An exact copy of all records is expected, minus the images.

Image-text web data

--------------------------------

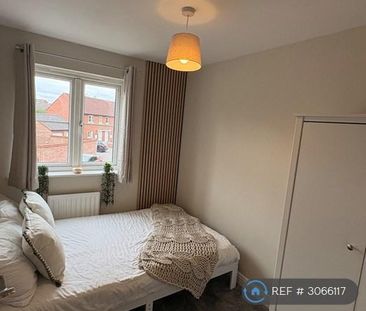 1 bedroom in a house share to rent - Photo 2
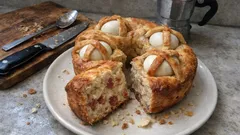 Casatiello napoletano di Pasqua: impasto soffice e ripieno generoso, passo passo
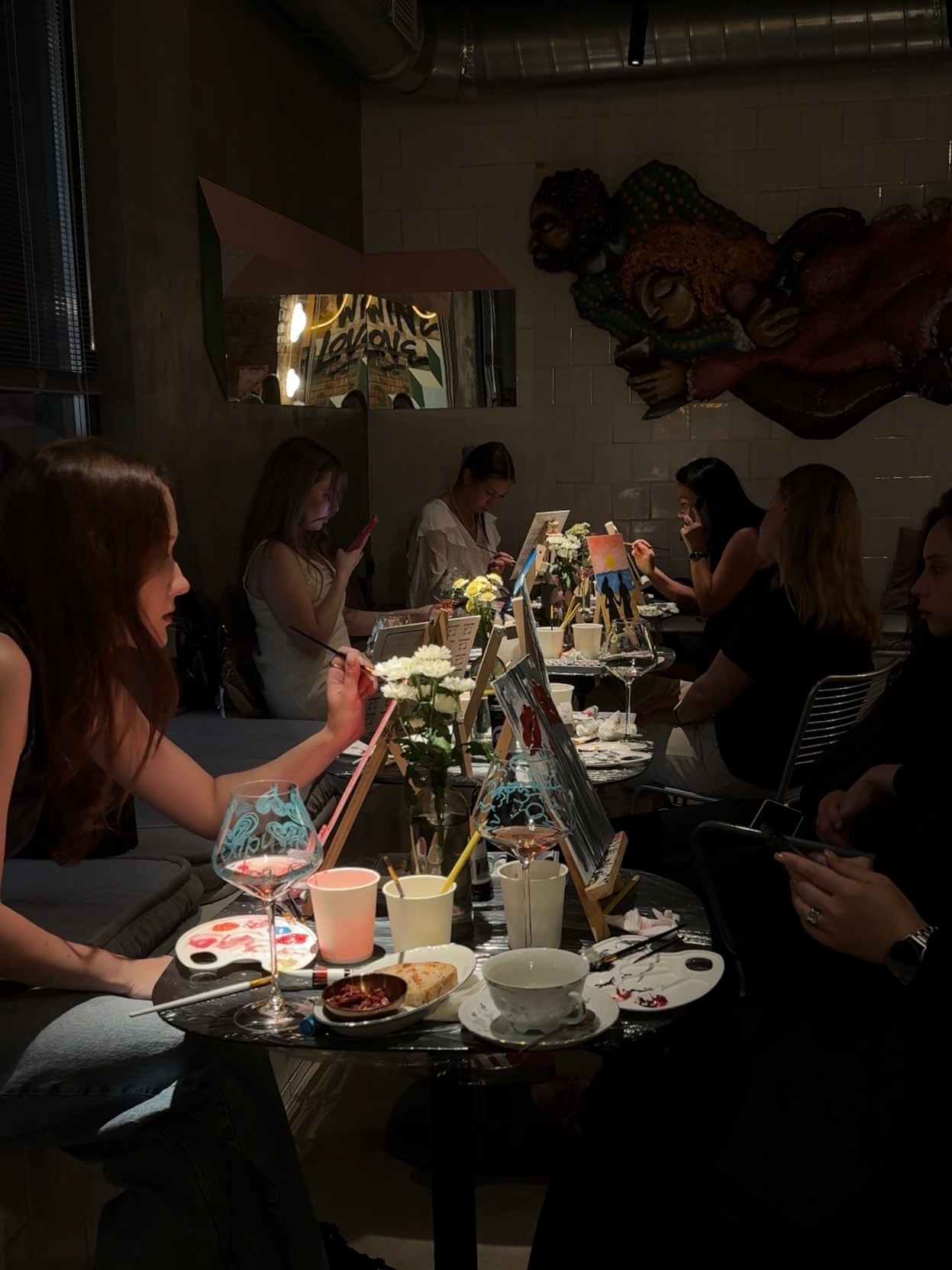 Дегустация вин в Винное пространство ЦЕХ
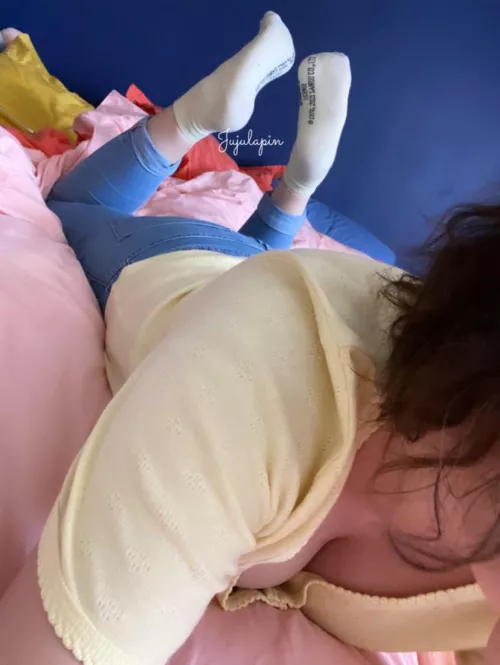 Feeling cute in yellow by jujulapin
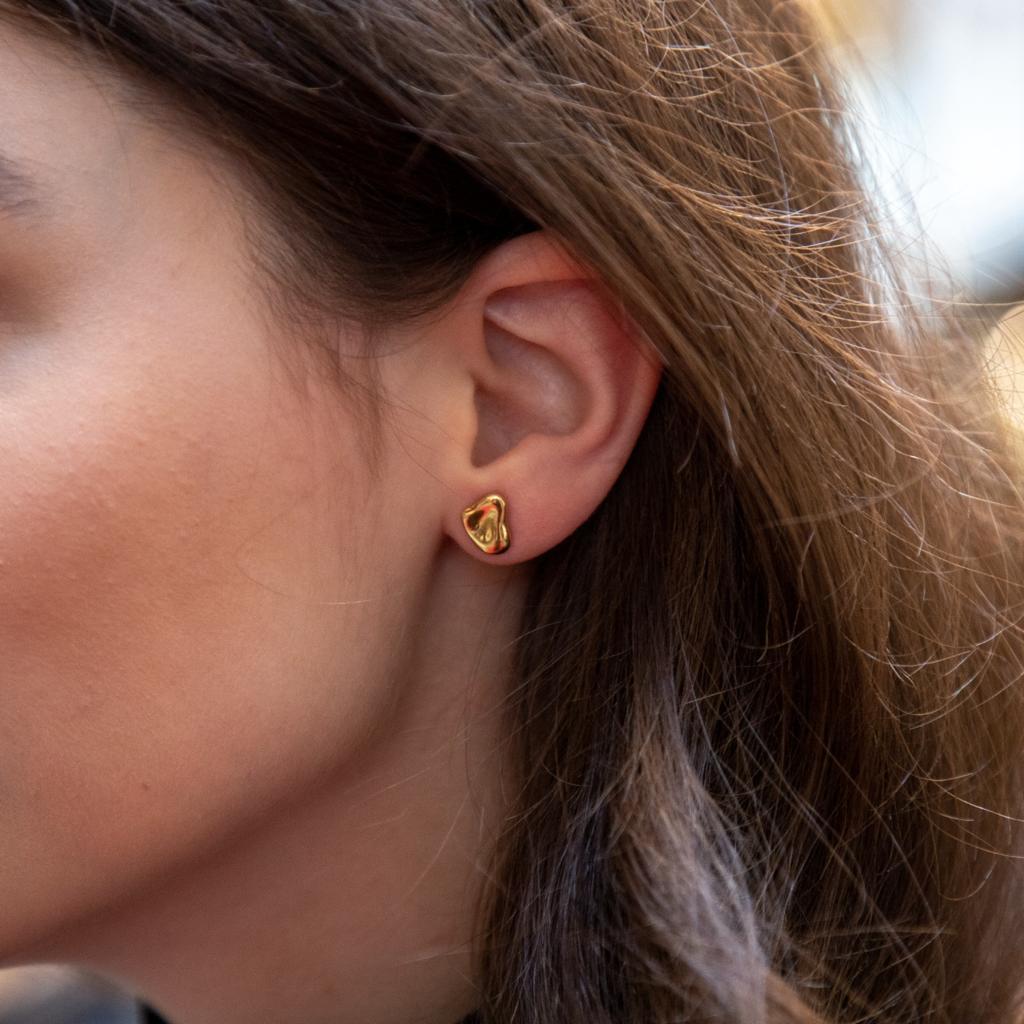 Vintage Elsa Peretti Tiffany ' Full Heart' Ohrstecker 18 Karat Gelbgold im Zustand „Gut“ in London, GB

--------------------------------

**TASK SOLUTION**
 1 bedroom in a house share to rent - Photo 2
 Casatiello napoletano di Pasqua: impasto soffice e ripieno generoso, passo passo
 Дегустация вин в Винное пространство ЦЕХ
 Feeling cute in yellow by jujulapin
 Vintage Elsa Peretti Tiffany ' Full Heart' Ohrstecker 18 Karat Gelbgold im Zustand „Gut“ in London, GB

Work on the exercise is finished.